Le lecteur est comme le turfiste, il place sa mise

Pour une héroïne de roman, la question qui prime, la question essentielle, c’est : « le plus gros enjeu ». Qu’est-ce qu’elle met en jeu de plus essentiel et qui mérite d’être suivi par nous, lecteurs ? On est comme des fadas de course hippique et on a misé gros sur ce cheval-là ! Bah oui, on sait des trucs, et on croit dur comme fer à la victoire, mais on a les tripes retournées jusqu’à la ligne d’arrivée.

Voilà pourquoi on aime lire un « putain de bon roman ». J’aime les romans populaires sacrés en tous genres.

Pourquoi on aime lire un « putain de bon roman » ? Photo de Klimkin

L’identité n’est-elle qu’un leurre menant à la médiocrité ?

D’ailleurs, si on se posait la question de ce que nous mettons en jeu dans notre propre vie, on y verrait tout de suite plus clair. Mais bon, ça ne se fait que rarement tellement on a le nez dedans.

La provocation du « Miracle Morning »

Entre parenthèse, j’ai entamé le bouquin d’Hal Elrod « Miracle Morning », il n’a pas peur d’affirmer que 95 % d’entre nous passons royalement à côté, reléguant notre vie à la médiocrité qu’on lui dédie, certainement par mégarde. Il parle du niveau moyen auquel on se croit obligé de se soumettre. Une sorte de loi sociale invisible ? Qui sait. Il parle aussi de cette vie extraordinaire qu’on n’est pas prêt à s’autoriser, à part dans les rêves et les livres.

Ok, passons pour cette fois. Je vais plutôt répondre à la question de départ : quel est le plus gros enjeu pour Mia ?

Mia est une fille qui a une identité à assumer, jusque là rien de très original mais faut bien commencer par le plus fondamental, l’unique et l’indéboulonnable socle de tout bon « putain de roman ». Sa place n’est pas claire, elle débarque dans un monde nouveau.

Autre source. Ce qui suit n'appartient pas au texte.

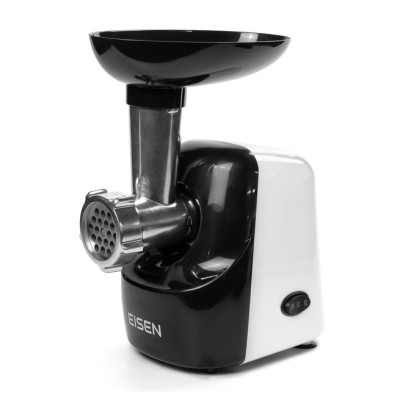 М'ясорубка Eisen EMG-061W, White, 1600W, продуктивність 2кг/хв, диски для подрібнення 5 мм/7 мм, насадка для ковбасок/«кеббе», завантажувальний лоток пластиковий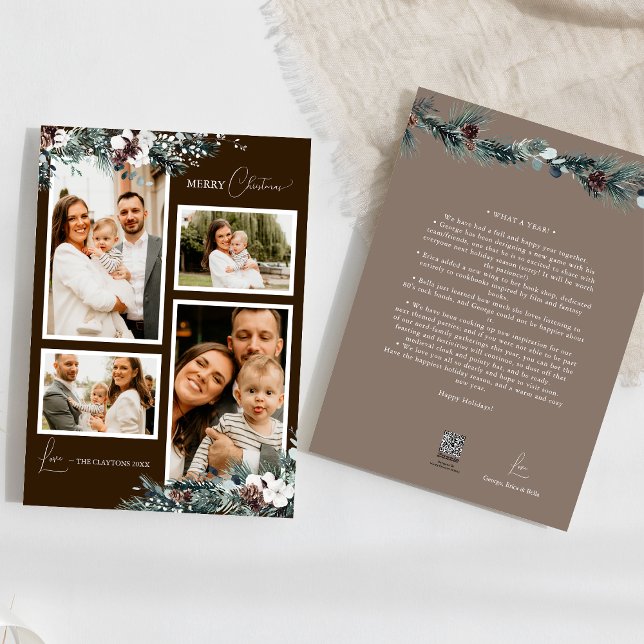 Brown Greenery Vintage Four Photo Collage Holiday Card (Creator Uploaded)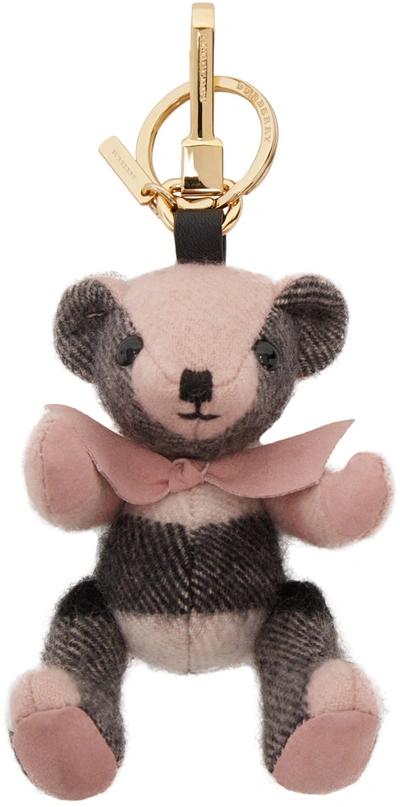 Burberry Thomas Bear Charm In Check Cashmere In Ash Rose/gold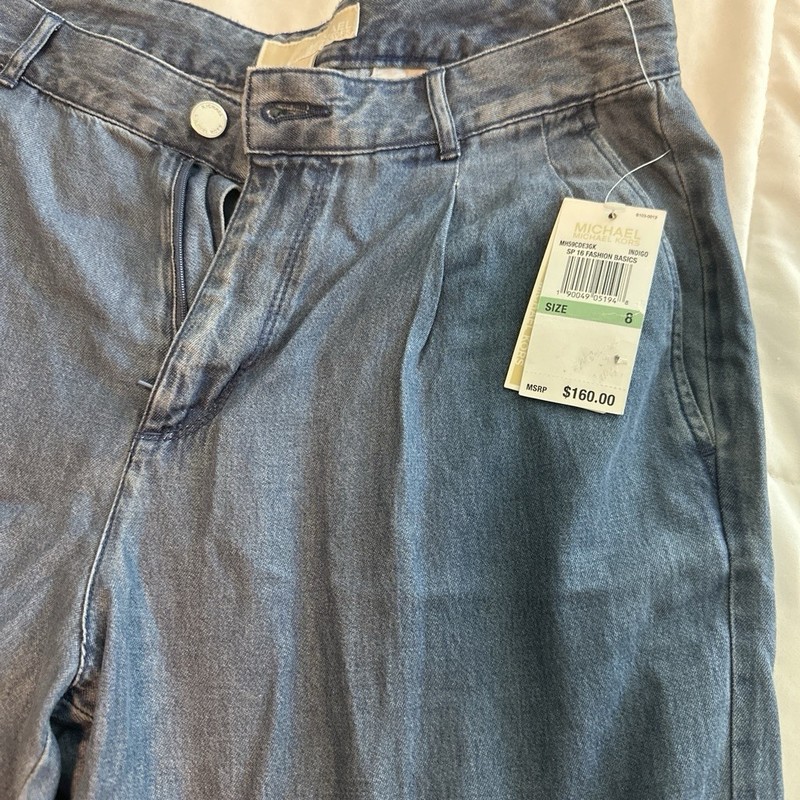 Michael Kors Women’s Blue Solid Denim Pleated Wide-Leg Pants Button Closure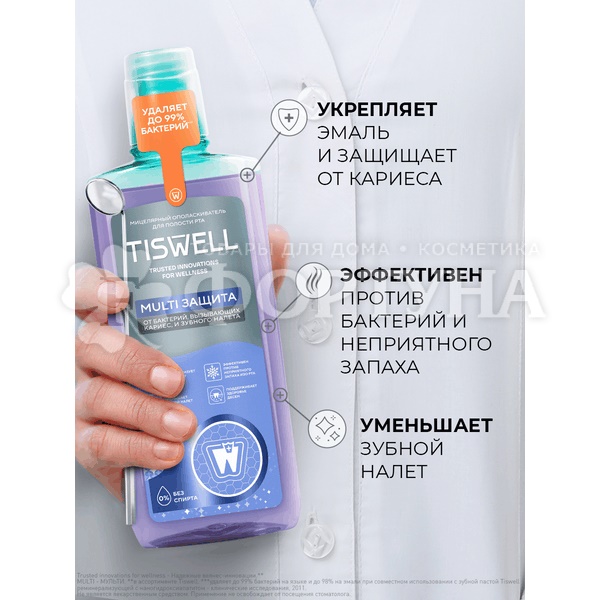 Ополаскиватель для полости рта TISWELL 500 мл Multi защитаот кариеса, налета, неприятного запаха и зубного камня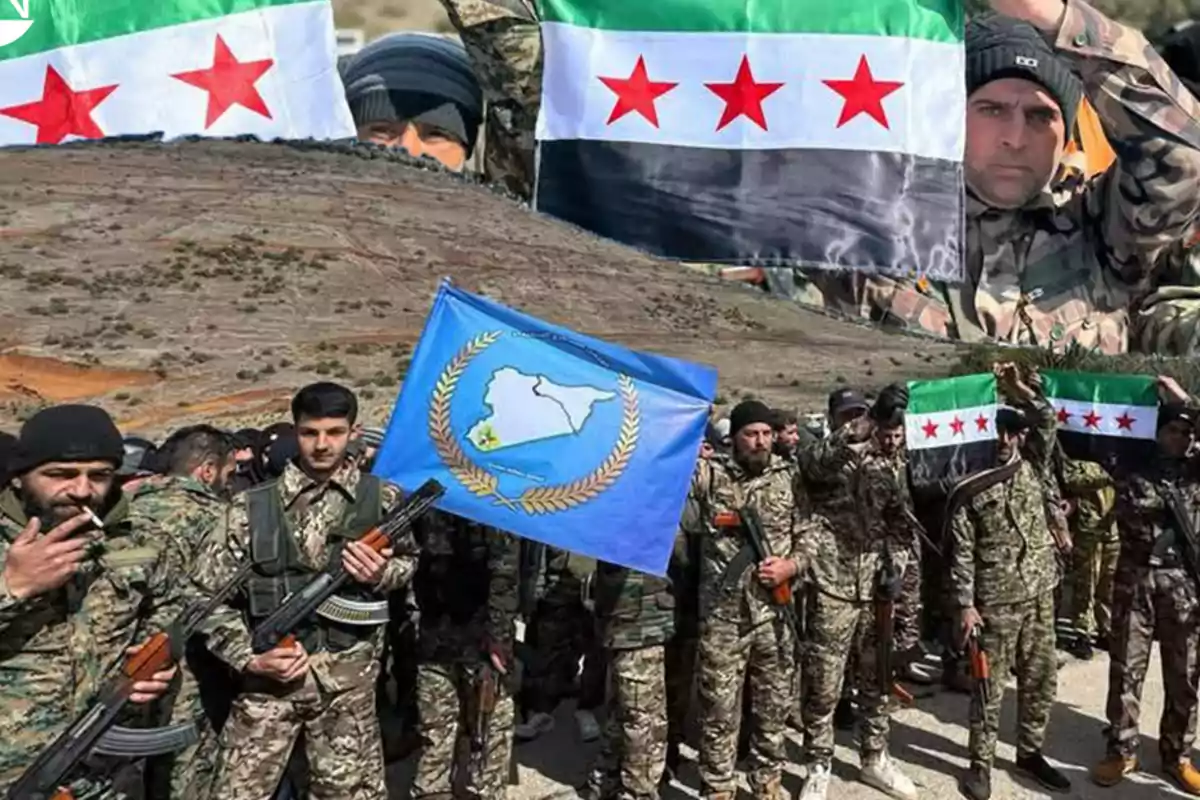 Group of people in military uniform holding flags in a mountainous landscape.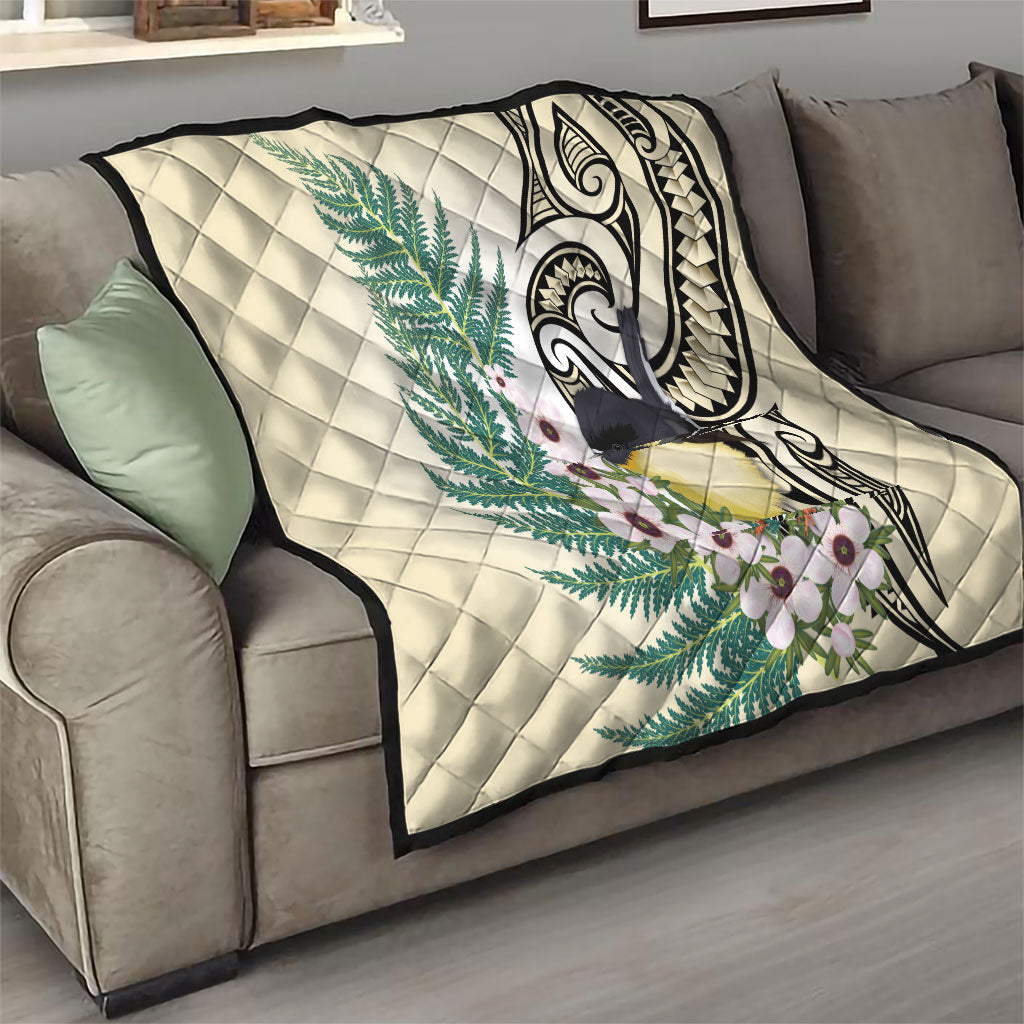 Endemic Tomtit New Zealand Quilt Miromiro Manuka Silver Fern Maori Pattern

Pour elle, la civilisation est le monde extraordinaire.

Le héros part toujours de son monde ordinaire, généralement décrit au début du roman et se lance ou se voit propulsé dans « le monde extraordinaire », l’inconnu. Quand ce monde inconnu est le monde ordinaire du lecteur, je trouve ça plus drôle. Et c’est ce que je vais faire pour ce roman. En tant que française, l’Europe est censée être mon monde ordinaire, la civilisation connue, mais j’ai tout à découvrir de l’Albanie et des pays limitrophes. 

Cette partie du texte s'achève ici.